É provável que a redução da tarifa sobre o aço implique um sistema de quotas que limite a quantidade de aço canadiano que entra nos Estados Unidos, mas os detalhes exatos ainda estão a ser definidos.

Os automóveis também estão incluídos nas negociações

Foi noticiado que ambos os países concordaram em reduzir a tarifa mais elevada dos EUA sobre veículos fabricados no Canadá de 25% para 15%.

Esta taxa é determinada antes da dedução do valor das peças fabricadas nos EUA presentes nos automóveis canadianos, o que significa que a tarifa efetiva sobre determinados veículos poderá ser consideravelmente mais baixa.

As negociações prosseguem após a suspensão temporária das tarifas

As discussões tiveram início depois de o presidente dos EUA, Donald Trump, ter decidido suspender por três dias uma nova ronda de tarifas de 50 % sobre determinados produtos canadianos; esta suspensão dá a ambos os países mais tempo para chegarem a um acordo.

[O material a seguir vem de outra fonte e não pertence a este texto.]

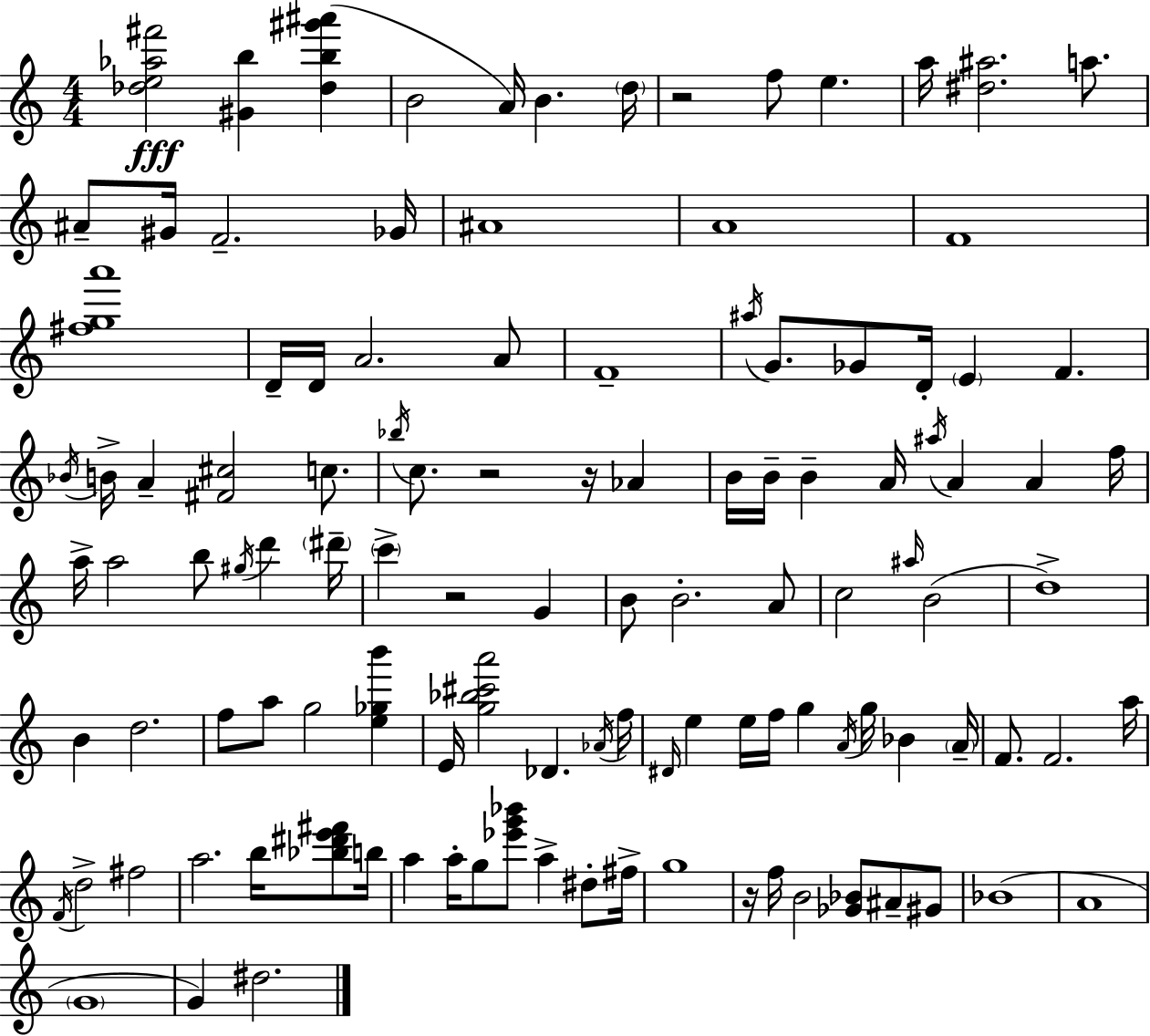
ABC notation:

X:1
T:Untitled
M:4/4
L:1/4
K:Am
[_de_a^f']2 [^Gb] [_db^g'^a'] B2 A/4 B d/4 z2 f/2 e a/4 [^d^a]2 a/2 ^A/2 ^G/4 F2 _G/4 ^A4 A4 F4 [^fga']4 D/4 D/4 A2 A/2 F4 ^a/4 G/2 _G/2 D/4 E F _B/4 B/4 A [^F^c]2 c/2 _b/4 c/2 z2 z/4 _A B/4 B/4 B A/4 ^a/4 A A f/4 a/4 a2 b/2 ^g/4 d' ^d'/4 c' z2 G B/2 B2 A/2 c2 ^a/4 B2 d4 B d2 f/2 a/2 g2 [e_gb'] E/4 [g_b^c'a']2 _D _A/4 f/4 ^D/4 e e/4 f/4 g A/4 g/4 _B A/4 F/2 F2 a/4 F/4 d2 ^f2 a2 b/4 [_b^d'e'^f']/2 b/4 a a/4 g/2 [_e'g'_b']/2 a ^d/2 ^f/4 g4 z/4 f/4 B2 [_G_B]/2 ^A/2 ^G/2 _B4 A4 G4 G ^d2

Caso não se chegue a um acordo, as tarifas mais elevadas dos EUA poderão afetar produtos canadianos no valor de cerca de 20 mil milhões de dólares (17,2 mil milhões de euros).

As tarifas mais elevadas não se aplicariam apenas ao aço e ao alumínio, mas também a uma série de outros produtos, tais como cimento, vinho, cerveja, peças automóveis e até mesmo sticks de hóquei no gelo; no entanto, a energia, a potassa, os minerais essenciais e o peixe estão excluídos.

O Canadá e os Estados Unidos mantêm uma das maiores relações comerciais do mundo, particularmente no setor da indústria transformadora; durante o processo de produção, as peças e os materiais atravessam frequentemente a fronteira várias vezes, o que significa que as tarifas aplicadas em qualquer fase podem aumentar os custos mais adiante na cadeia de abastecimento.

Isto é especialmente importante para a indústria automóvel, onde fábricas e fornecedores de ambos os países fazem parte da mesma rede de produção.

Atualmente, a redução tarifária proposta ainda está a ser negociada, e as taxas finais, em particular as relacionadas com as quotas de aço, dependerão do resultado das discussões entre os dois governos.